▶ [EXERCISE GOAL]:
Beginning with the line where "create backend api" appears, restate each line word for word until the data ends. Pictures do not go in.

====== ENTRIES PROVIDED ======

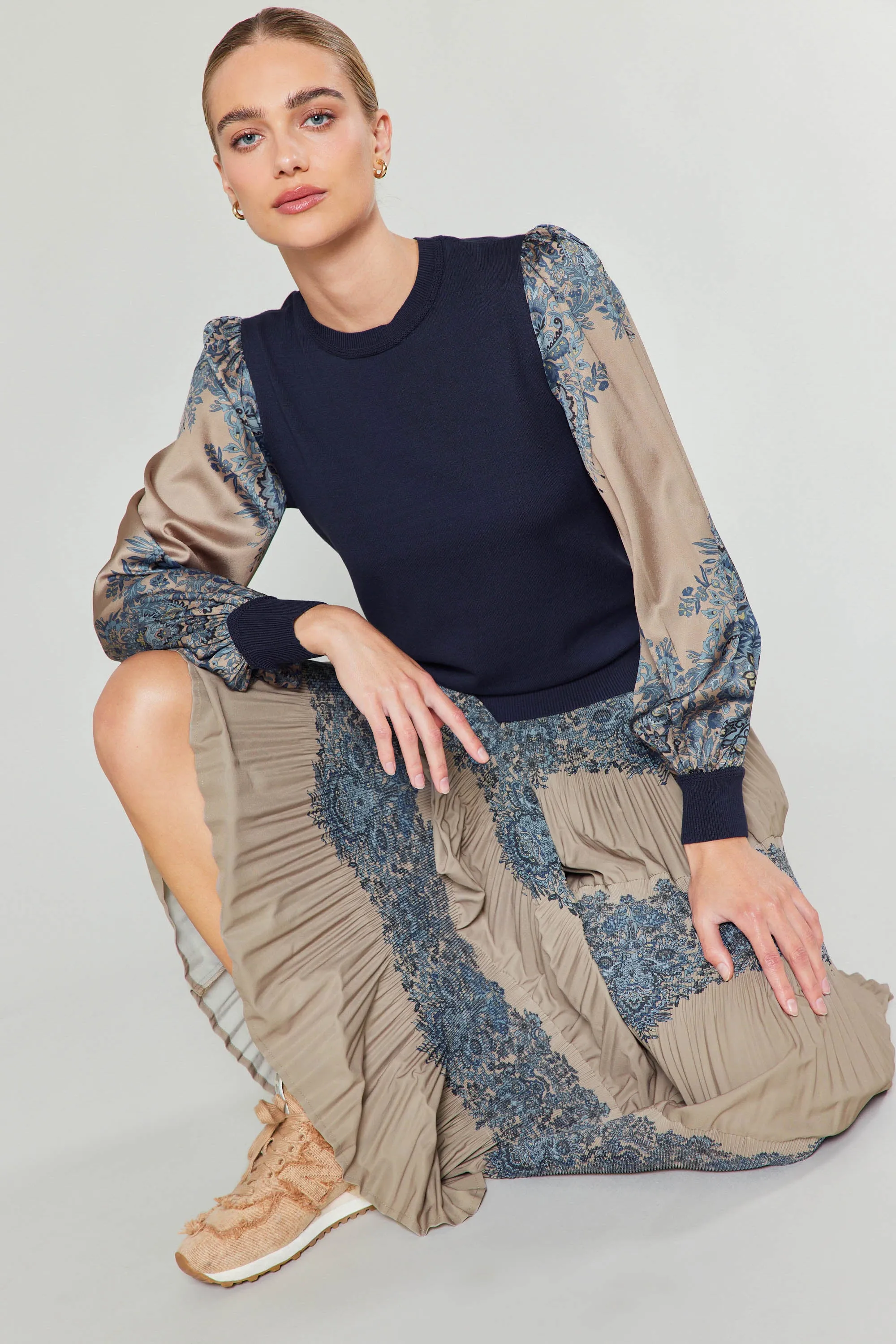 Ornate Motif Sweater Top sold by Current Air product image thumbnail 2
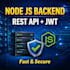 create backend api using nodejs express and mongodb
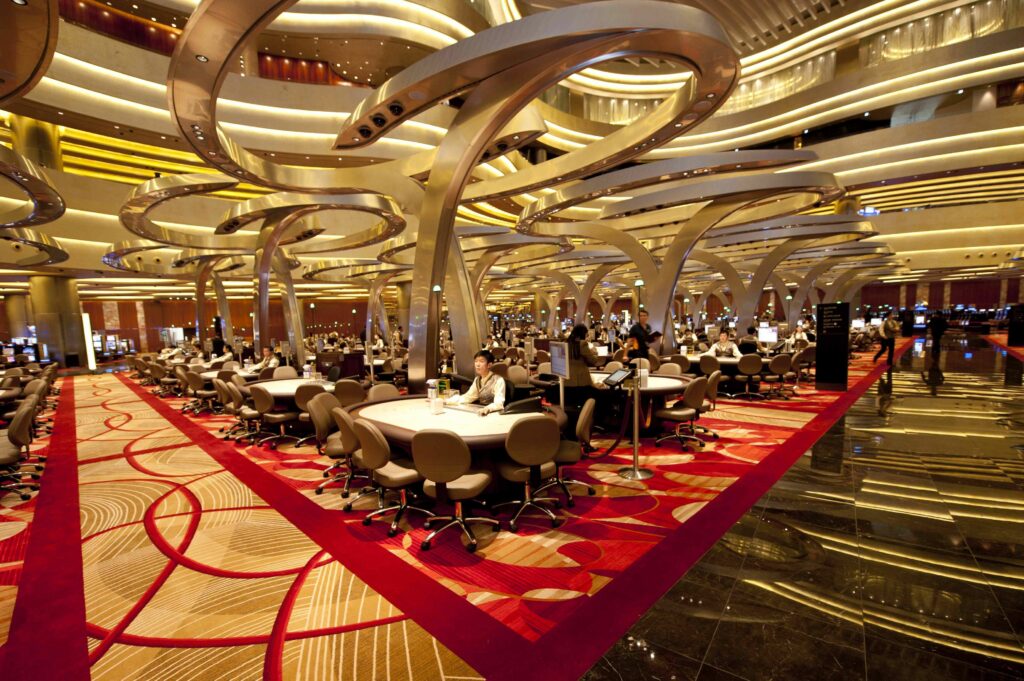 Casino à l'hôtel Marina Bay Sands à Singapour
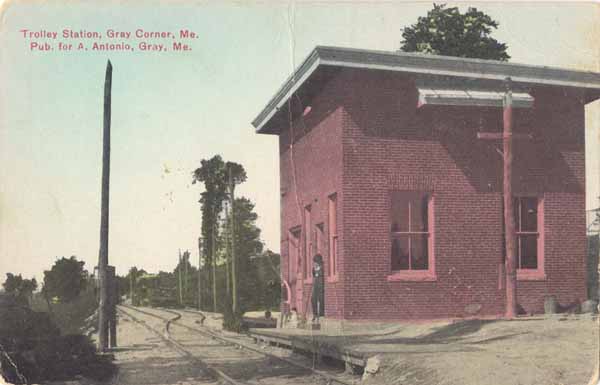 Trolley Station, Gray Corner, Maine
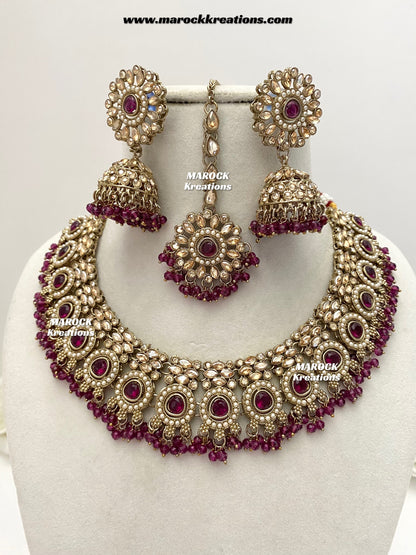 Sameera Polki Necklace set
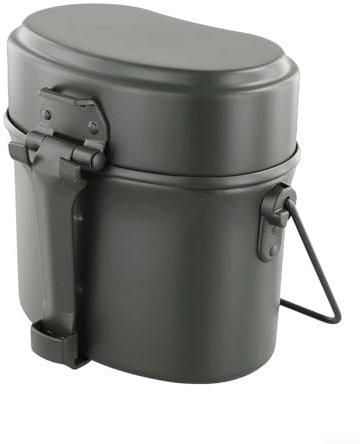 Getdoublerich Portable Camping Cutlery Hiking Cookware Lunch Box Nesting Aluminum Cutlery Cooking Cutlery For Camping, Hiking And Other Outdoor Activities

======

▶ [YOUR RESPONSE]:
 create backend api using nodejs express and mongodb
 Casino à l'hôtel Marina Bay Sands à Singapour
 Trolley Station, Gray Corner, Maine
 Sameera Polki Necklace set
 Getdoublerich Portable Camping Cutlery Hiking Cookware Lunch Box Nesting Aluminum Cutlery Cooking Cutlery For Camping, Hiking And Other Outdoor Activities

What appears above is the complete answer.